Was geschieht bei einem Besuch in
Bethlehem heute? Meistens handelt es sich um eine Stippvisite in
Bethlehem, wie er in den Pilgerprogrammen als ein Muss vorhanden ist.
Der Besuch wird organisiert und
bezahlt von einem großen Souvenirhändler in Bethlehem. Für jede Gruppe
erhält die israelische Seite, Busfahrer, Reiseleiter und auch die
Agentur eine Kommission, in der Hoffnung, dass die Gruppe ordentlich
einkaufen wird. Die Gruppe steigt in einen lokalen Bus um und erhält
einen Reiseleiter aus Bethlehem, sofern sie nicht Ostjerusalemer
Personal nutzt. Die Bethlehemer Reiseleiter sind meistens für das ganze
Heilige Land lizenziert, erhalten aber keine Erlaubnis der israelischen
Militärbehörden, sich nach Israel oder Ostjerusalem zu begeben.

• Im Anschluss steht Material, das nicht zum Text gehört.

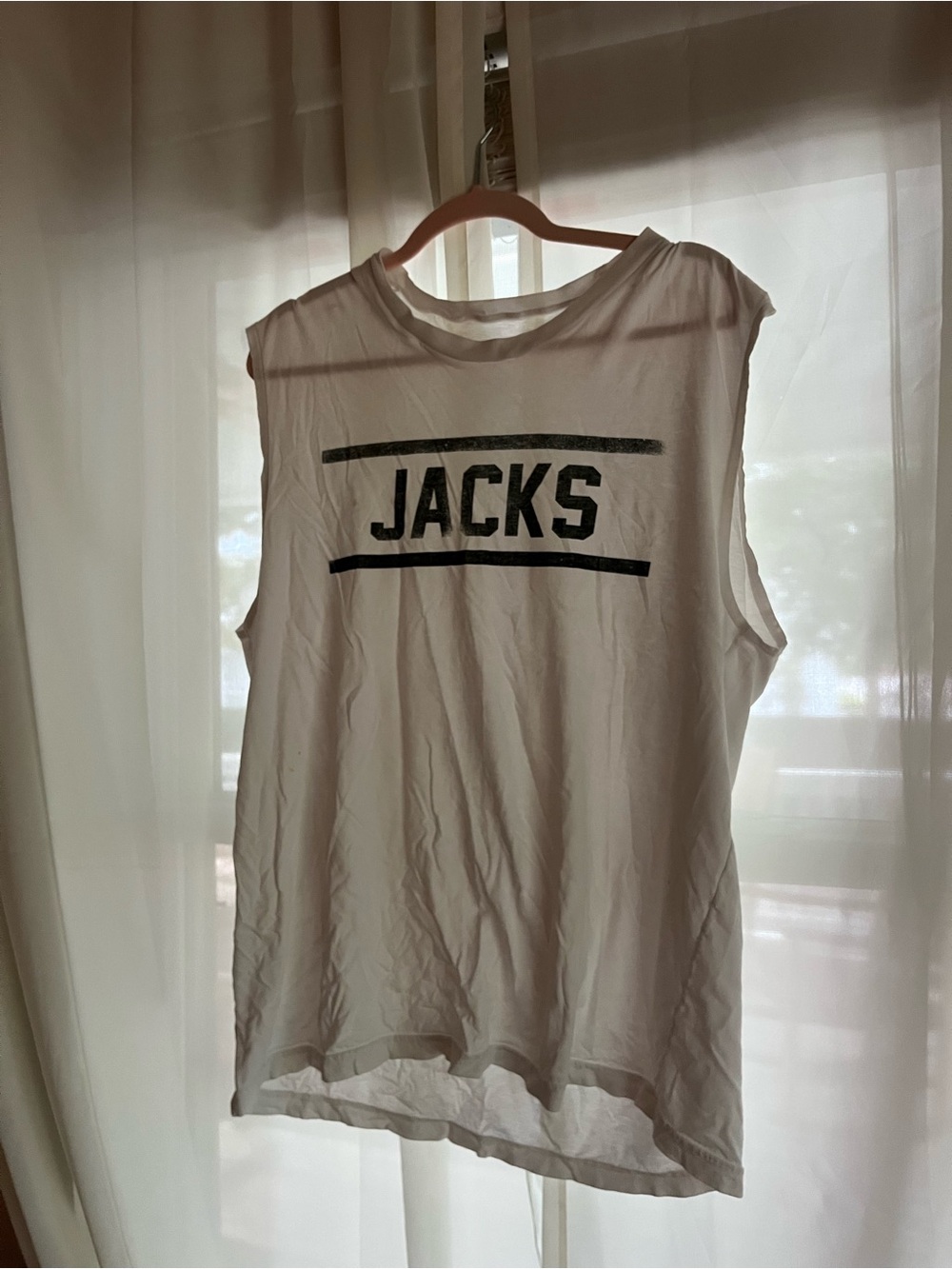 Jack by BB Dakota White Cotton Graphic Tank with Small Logo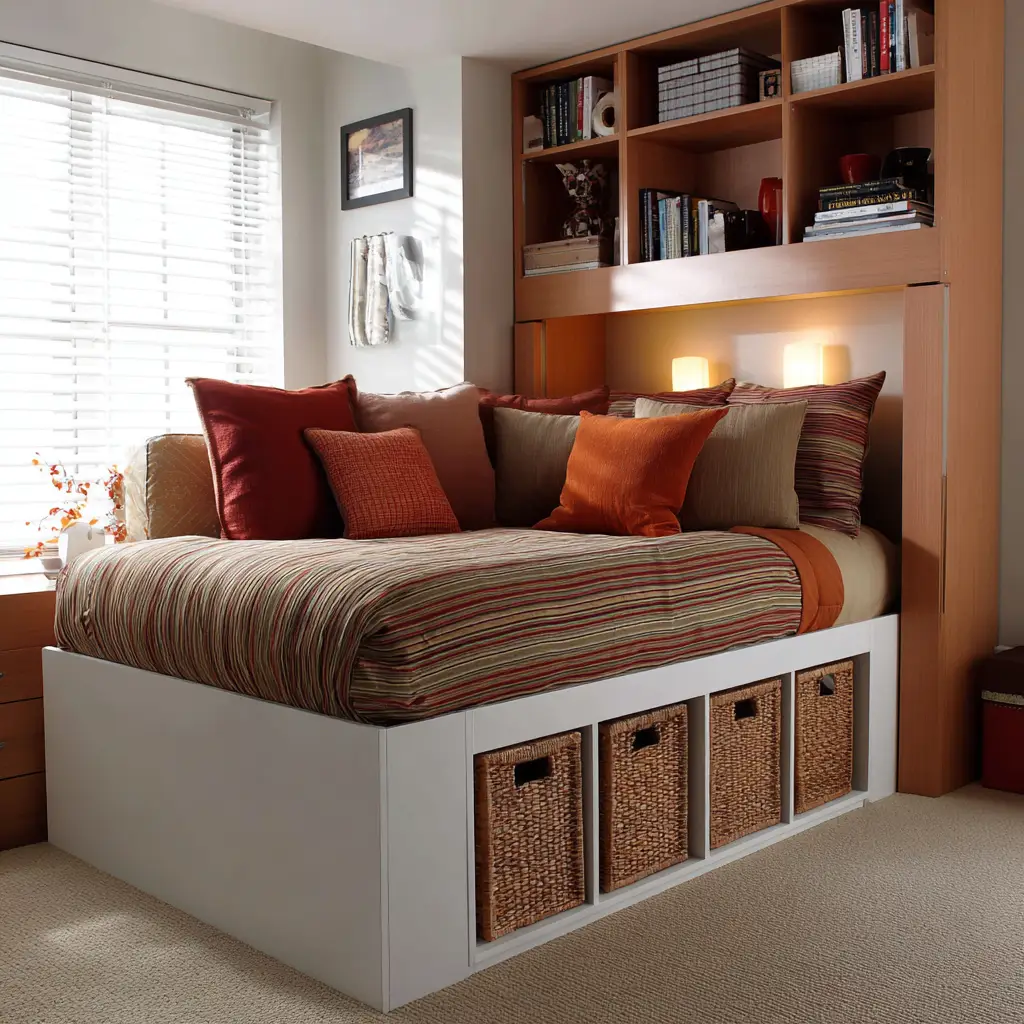 Elevated Twin Bed with Closet Below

Das Programm besteht aus einem
Kurzbesuch in einer der ältesten arbeitenden Kirchen der Welt, der
Geburtskirche, und aus einem Stopp beim jeweils organisierenden
Souvenirhändler. Die 1999 sanierte Altstadt oder gar
Kulturveranstaltungen werden nicht besucht, geschweige denn eine
interkulturelle Erfahrung für die Reisenden ermöglicht. Schon in den
90er Jahren hatten sich viele arabische Christen gewundert, wie die
pilgernden Gäste gerade am Ort der Menschwerdung Gottes ihre Mitmenschen
so gründlich verfehlen können. Diese Praxis droht sich 2005 erneut zu
festigen. Letztlich vermeiden die Besucher fast jegliche nachhaltige
Investition vor Ort.
Für die einheimischen Reiseleiter ist
die Situation besonders schwer. Viele hoffen auf die Freizügigkeit, wie
sie für den Austausch von Waren und Dienstleistungen im Zuge des
Oslo-Prozesses vereinbart wurde und die auch die gegenseitige
Anerkennung der Lizenzen mit einschließt. Doch alles hängt von der
Erteilung einer Erlaubnis ab.
Über die aktuellen Auswirkungen des
Mauerbaus sollen die Reiseleiter während der Stippvisite allerdings
schweigen. Manche Reiseleiter arbeiten inzwischen nur noch für das
Trinkgeld der Gruppen, um überhaupt eine Tätigkeit zu haben. Wer will
sich schon die Zukunft verbauen? Ein Bethlehemer Reiseleiter: "Als ich
die Gruppe zum Kontrollpunkt zurückbrachte, fragte mich mein
israelischer Kollege: Hast du etwas über die Mauer gesagt?"